Итак, я покинул город. Или город покинул меня, выпрыгнул из вагона поезда, проходящего через пустыню. Там и остался. В пустыне. А может, все еще бредет по шпалам, пытаясь догнать тот поезд. Но тщетно! Поезда движутся быстрее, чем города, но медленнее, чем усатые дядьки, бегущие впереди печально известного локомотива. Однако город перемещается в пространстве все же быстрее, чем караван. Поэтому, когда по городу шли верблюды, он умудрился с такой бешеной скоростью выскользнуть у них из-под ног, что типовые девятиэтажки даже не поцарапали их рыжие животы, покрытые свалявшейся шерстью.
Как раз в такой типовой девятиэтажке мы и жили. Стояла она приплюснутой буквой «Покой», упираясь в тот самый канал, по которому каждый день (или несколько раз в день) проплывал на расписной ладье властелин города и окружающей город пустыни. А за расписной ладьей плыли всевозможные хищники: клопы-гладыши, змеи, крокодилы, драконы — и все с автоматами Калашникова. На мраморную набережную канала, усаженную развесистыми мхами и лишайниками, выходили окна нашей квартиры. В первом этаже. Поэтому виноград оплетал наши окна и помахивал нам липкими зелеными ладошками, шевелил залихватскими нежно-зелеными усиками, не догадываясь, к стыду своему, что из него можно делать вино. А вина в городе никто не пил.

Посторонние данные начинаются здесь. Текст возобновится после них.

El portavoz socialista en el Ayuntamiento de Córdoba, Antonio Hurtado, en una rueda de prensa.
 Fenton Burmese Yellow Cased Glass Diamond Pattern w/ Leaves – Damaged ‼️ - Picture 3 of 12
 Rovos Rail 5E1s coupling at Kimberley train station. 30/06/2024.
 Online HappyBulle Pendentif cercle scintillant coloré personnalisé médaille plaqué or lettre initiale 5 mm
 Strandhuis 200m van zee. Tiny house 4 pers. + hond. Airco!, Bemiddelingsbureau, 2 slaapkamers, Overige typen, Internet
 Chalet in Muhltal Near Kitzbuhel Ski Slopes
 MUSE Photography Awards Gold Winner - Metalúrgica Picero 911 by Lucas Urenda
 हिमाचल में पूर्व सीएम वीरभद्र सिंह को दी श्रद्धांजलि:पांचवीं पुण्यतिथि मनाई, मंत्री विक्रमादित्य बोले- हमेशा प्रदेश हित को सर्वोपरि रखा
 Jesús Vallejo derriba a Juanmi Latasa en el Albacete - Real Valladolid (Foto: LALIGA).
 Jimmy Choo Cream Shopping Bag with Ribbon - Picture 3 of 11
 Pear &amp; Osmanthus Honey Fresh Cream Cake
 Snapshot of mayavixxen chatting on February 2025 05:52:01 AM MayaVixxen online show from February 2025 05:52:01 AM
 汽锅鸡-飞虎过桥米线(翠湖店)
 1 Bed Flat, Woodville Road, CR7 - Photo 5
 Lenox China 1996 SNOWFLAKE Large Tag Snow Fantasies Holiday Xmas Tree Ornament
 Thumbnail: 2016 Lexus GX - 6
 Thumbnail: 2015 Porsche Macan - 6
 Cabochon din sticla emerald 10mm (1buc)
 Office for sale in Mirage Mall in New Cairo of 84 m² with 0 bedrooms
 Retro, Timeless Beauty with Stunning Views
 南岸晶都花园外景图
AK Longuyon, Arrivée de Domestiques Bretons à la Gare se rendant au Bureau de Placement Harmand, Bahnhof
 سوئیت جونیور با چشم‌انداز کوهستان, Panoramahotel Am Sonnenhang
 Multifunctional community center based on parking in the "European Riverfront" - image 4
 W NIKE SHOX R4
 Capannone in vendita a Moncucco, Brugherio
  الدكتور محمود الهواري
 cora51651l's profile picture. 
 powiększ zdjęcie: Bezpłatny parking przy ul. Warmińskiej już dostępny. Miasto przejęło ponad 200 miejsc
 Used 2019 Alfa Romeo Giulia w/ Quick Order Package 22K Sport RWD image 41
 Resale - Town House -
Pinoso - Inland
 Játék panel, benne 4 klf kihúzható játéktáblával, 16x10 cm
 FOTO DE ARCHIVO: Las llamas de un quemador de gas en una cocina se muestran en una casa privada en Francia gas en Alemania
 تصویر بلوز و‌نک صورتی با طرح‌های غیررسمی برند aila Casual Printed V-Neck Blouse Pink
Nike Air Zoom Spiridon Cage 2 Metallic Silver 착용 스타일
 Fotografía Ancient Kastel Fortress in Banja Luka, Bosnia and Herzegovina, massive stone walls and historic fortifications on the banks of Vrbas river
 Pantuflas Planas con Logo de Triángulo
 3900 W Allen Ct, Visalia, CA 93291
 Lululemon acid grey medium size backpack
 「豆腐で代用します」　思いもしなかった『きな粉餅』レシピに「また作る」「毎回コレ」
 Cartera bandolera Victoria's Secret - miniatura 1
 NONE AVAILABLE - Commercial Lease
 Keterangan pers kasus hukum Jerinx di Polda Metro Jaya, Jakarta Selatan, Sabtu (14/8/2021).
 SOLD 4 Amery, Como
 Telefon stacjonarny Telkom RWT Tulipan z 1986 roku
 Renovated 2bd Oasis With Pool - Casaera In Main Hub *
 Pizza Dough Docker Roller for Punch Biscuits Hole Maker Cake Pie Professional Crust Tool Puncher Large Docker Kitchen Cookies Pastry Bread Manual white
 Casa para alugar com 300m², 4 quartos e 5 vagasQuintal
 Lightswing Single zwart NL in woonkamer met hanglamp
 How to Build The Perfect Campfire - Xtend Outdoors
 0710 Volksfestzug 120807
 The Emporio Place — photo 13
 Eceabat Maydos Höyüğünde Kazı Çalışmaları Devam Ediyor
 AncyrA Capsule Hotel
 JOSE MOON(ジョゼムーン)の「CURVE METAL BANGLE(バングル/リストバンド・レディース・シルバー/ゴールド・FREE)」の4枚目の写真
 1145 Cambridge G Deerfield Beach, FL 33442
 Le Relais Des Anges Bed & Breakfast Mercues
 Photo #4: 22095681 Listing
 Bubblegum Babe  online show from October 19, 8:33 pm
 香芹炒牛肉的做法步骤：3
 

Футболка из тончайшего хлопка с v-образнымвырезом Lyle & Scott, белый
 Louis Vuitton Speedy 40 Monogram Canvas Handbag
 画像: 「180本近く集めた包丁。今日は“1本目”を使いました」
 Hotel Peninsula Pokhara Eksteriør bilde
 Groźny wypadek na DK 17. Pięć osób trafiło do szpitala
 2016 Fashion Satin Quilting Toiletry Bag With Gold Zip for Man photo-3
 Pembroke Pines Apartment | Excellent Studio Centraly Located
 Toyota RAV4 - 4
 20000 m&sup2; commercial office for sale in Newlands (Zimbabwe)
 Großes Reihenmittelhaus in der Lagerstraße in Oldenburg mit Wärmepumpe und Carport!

Оно казалось слишком грубым для жителей города. Жители города питались исключительно нектаром и амброзией. Эту моду, закрепившуюся на многие тысячелетия, завез к нам великий завоеватель, двурогий полководец, питавшийся, однако же, исключительно росой с полынных стебельков. Это была скорее всего полынь горькая. А еще под нашими окнами росли одуванчики. Кашка. Сурепка. Лебеда. Клевер. Птичий горец. Люцерна. Цветы клевера и кашки очень любили черепахи, обитавшие в городе. Цветами сурепки их кормить боялись, думали, что черепахи от них слепнут. А кому нужны слепые черепахи?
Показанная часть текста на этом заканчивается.